The bill that the House will consider Wednesday only requires reports to include the name and exposure history of claimants, and the basis for paying out a claim. It also specifically says confidential medical records and claimants' full social security number cannot be included.

But Vento and others say that opens the door to using the last four digits of Social Security numbers and possibly other information, which they say violates their privacy and could lead to identity theft.

Vento noted that House Republicans did not let her testify in a hearing on the legislation earlier this year.

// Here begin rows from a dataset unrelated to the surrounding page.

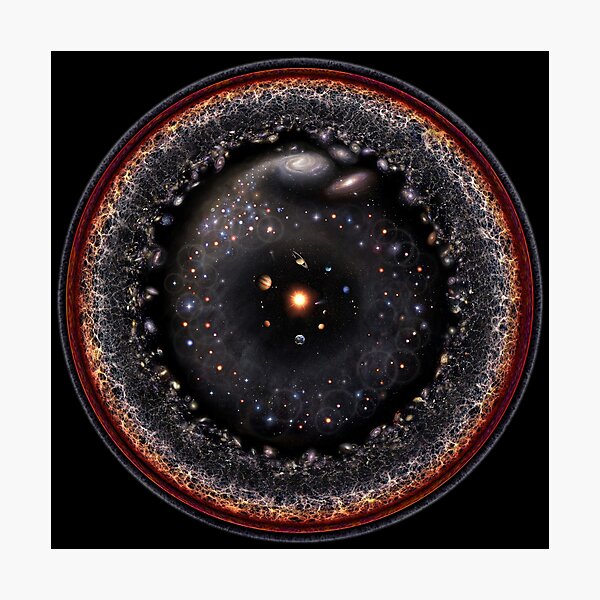 Observable Universe Logarithmic Illustration (2018 Version!) Photographic Print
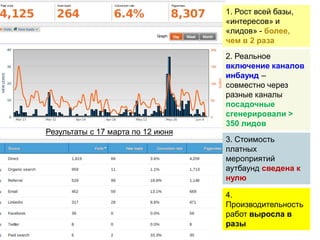 1. Рост всей базы,
«интересов» и
«лидов» - более,
чем в 2 раза

Результаты с 17 марта по 12 июня

2. Реальное
включение каналов
инбаунд –
совместно через
разные каналы
посадочные
сгенерировали >
350 лидов
3. Стоимость
платных
мероприятий
аутбаунд сведена к
нулю

4.
Производительность
работ выросла в
разы

 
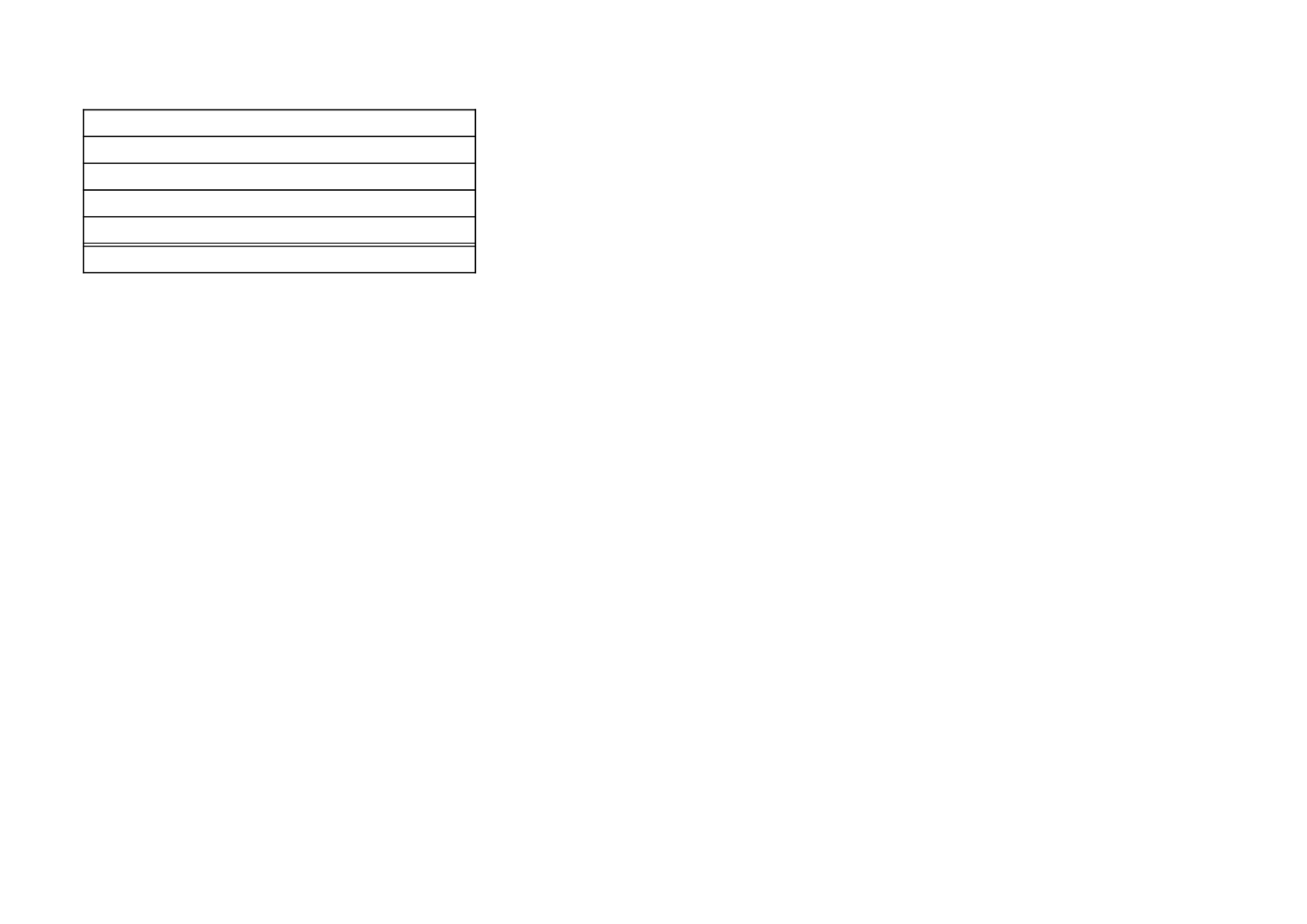 學生會收支報告表.xls 第4页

"We were not permitted to testify that day, or at any subsequent hearing despite our written request to be heard," she said.

In 1994, Congress passed legislation allowing the establishment of asbestos trusts. Companies in bankruptcy can form a trust to pay out claims and avoid further litigation for asbestos claims once they are reorganized from bankruptcy.

Aside from worrying about identity theft, opponents argue that the FACT Act could slow down compensation decisions, particularly for people in certain states.

Jason Johns of the Wisconsin Asbestos Victims Network spoke to reporters with Vento, and said some states require claimants to seek compensation through the trusts before going to state court to seek damages against a solvent company. He and Michelle Schwartz of the Alliance for Justice say the new reporting requirements in the bill would slow down the work of the trusts in paying out claims.

Schwartz claimed it could take "tens of thousands of hours" to compile quarterly reports on who is applying and who has been paid.

Opponents also dismissed the idea that there is rampant fraud within the 60 asbestos trusts across the nation.

"There hasn't been fraud," said Linda Reinstein of the Asbestos Disease Awareness Organization.

Schwartz also said the reported error rate in payments at the trusts has been 0.35 percent, a rate that Vento said is low enough for Congress to ignore.

"I don't consider that a seriously problem that requires Congress's time," she said.

Rep. Vento developed malignant mesothelioma, a cancer of the lung caused by exposure to asbestos. He was first elected in 1976, and served until his death in 2000.